- **Task input**:
★ ★ ★

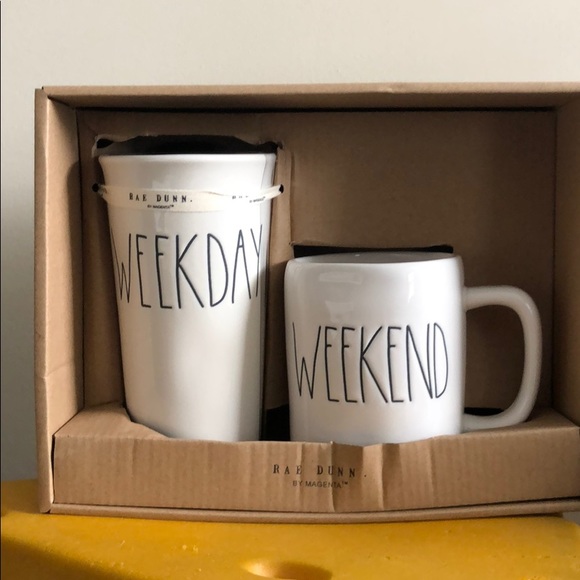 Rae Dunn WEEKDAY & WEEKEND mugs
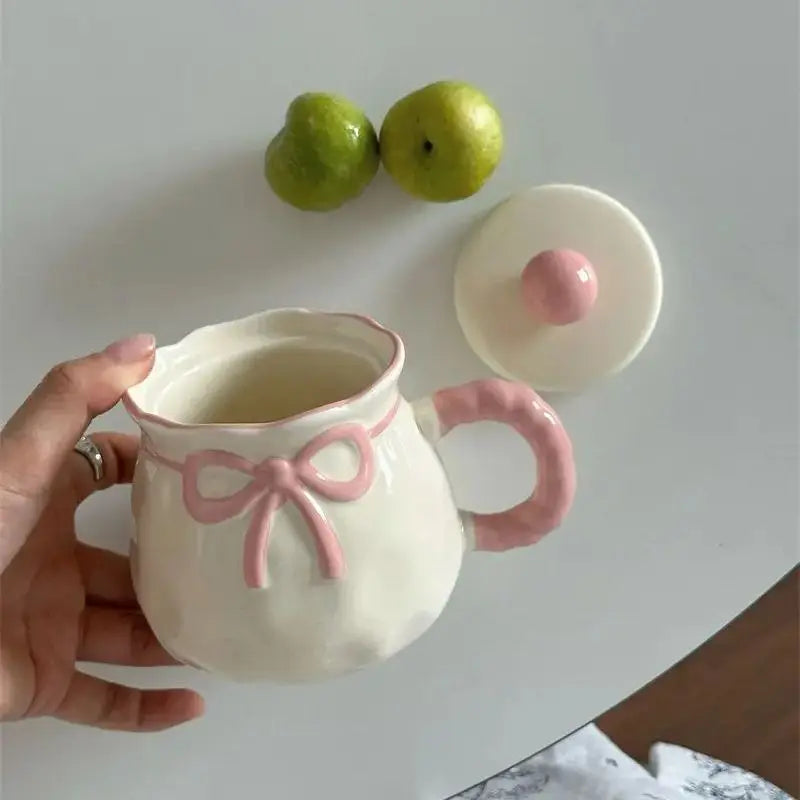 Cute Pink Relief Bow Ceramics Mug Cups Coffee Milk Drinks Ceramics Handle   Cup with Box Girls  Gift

★ ★ ★

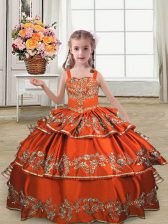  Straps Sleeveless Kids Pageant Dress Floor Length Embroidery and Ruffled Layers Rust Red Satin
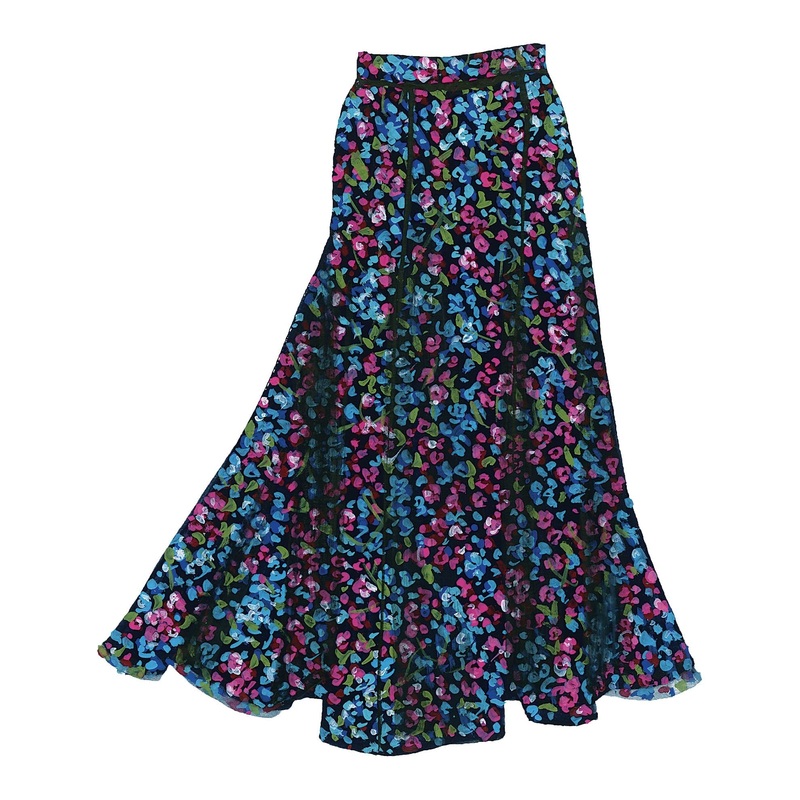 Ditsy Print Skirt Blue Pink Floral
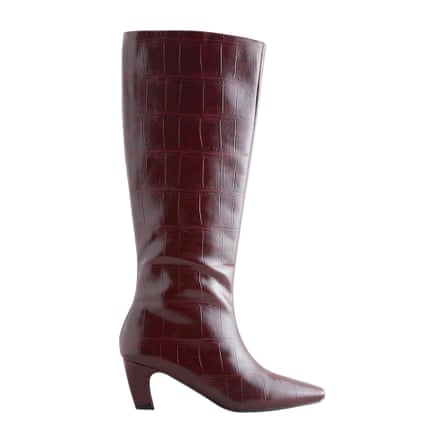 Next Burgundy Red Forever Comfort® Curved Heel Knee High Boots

★ ★ ★

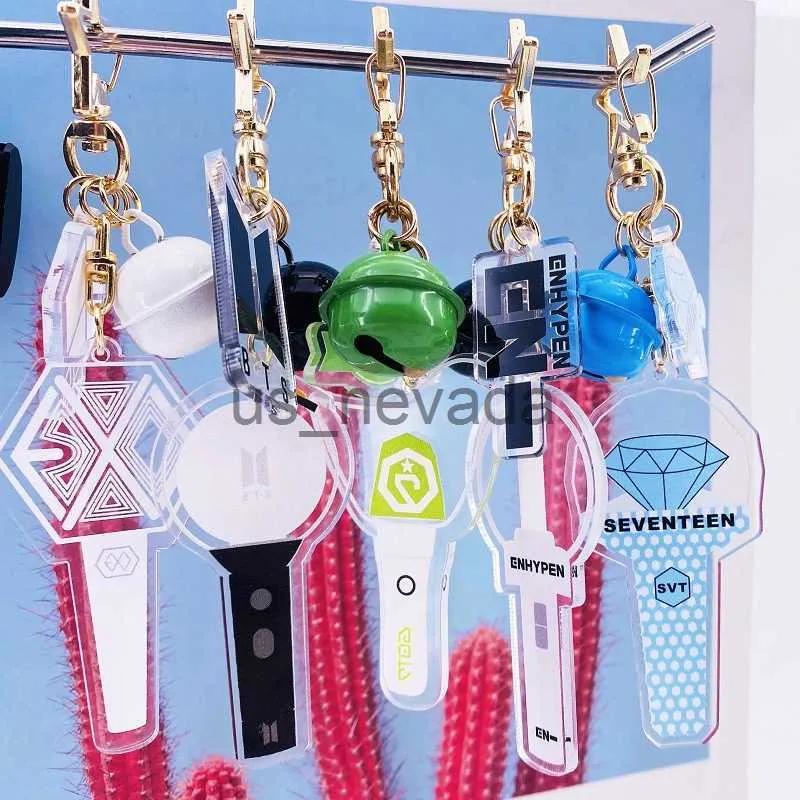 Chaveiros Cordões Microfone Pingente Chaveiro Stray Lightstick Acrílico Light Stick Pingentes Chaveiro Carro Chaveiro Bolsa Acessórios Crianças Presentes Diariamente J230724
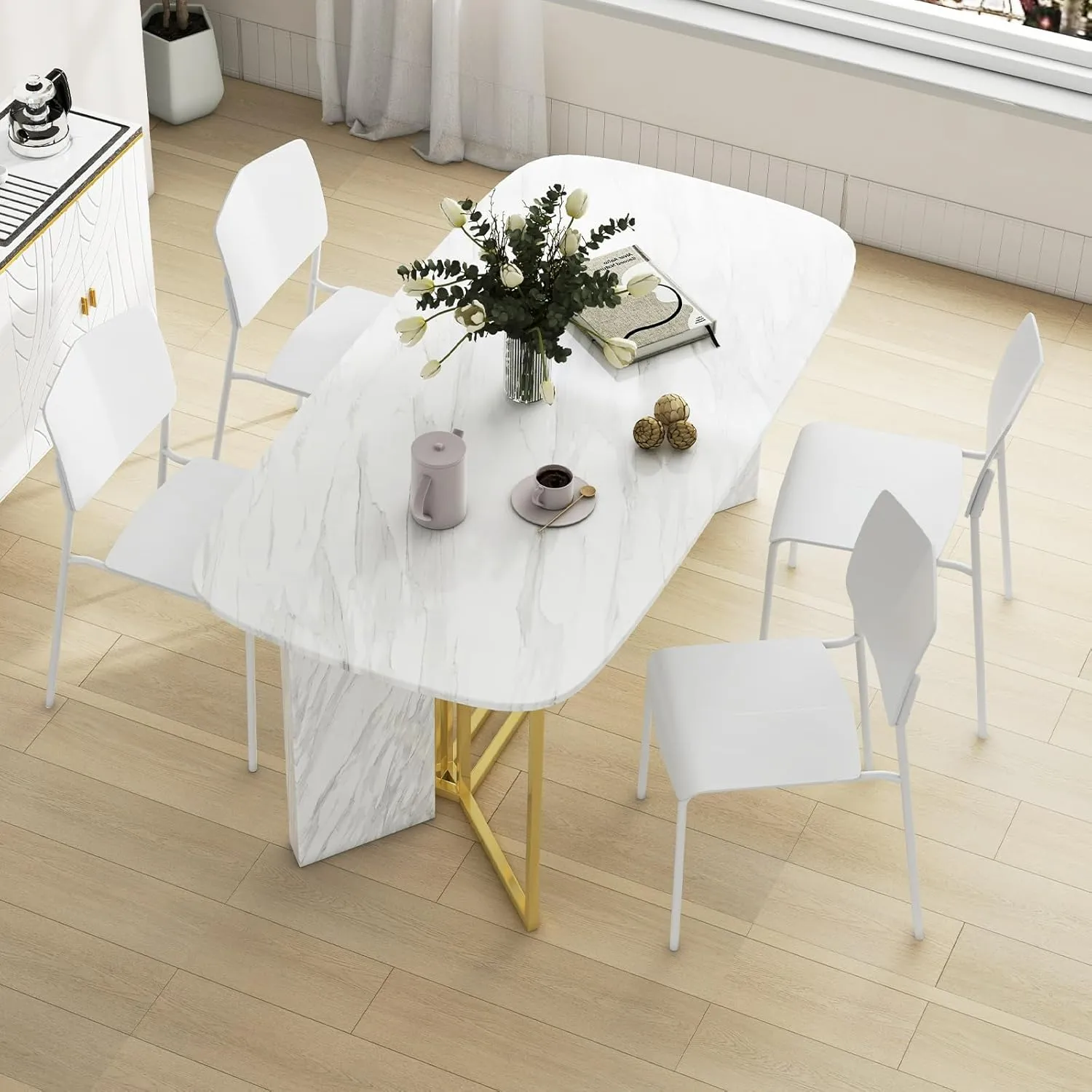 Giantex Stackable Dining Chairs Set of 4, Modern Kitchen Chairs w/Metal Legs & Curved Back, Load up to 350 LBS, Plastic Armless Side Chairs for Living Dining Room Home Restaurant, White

★ ★ ★

- **Exercise prompt**:
Beginning with the line that contains "Rae Dunn WEEKDAY & WEEKEND mugs", write out the lines of the material above exactly, and end with the line that contains "Cute Pink Relief". Omit the pictures.

- **Result**:
 Rae Dunn WEEKDAY & WEEKEND mugs
 Cute Pink Relief Bow Ceramics Mug Cups Coffee Milk Drinks Ceramics Handle   Cup with Box Girls  Gift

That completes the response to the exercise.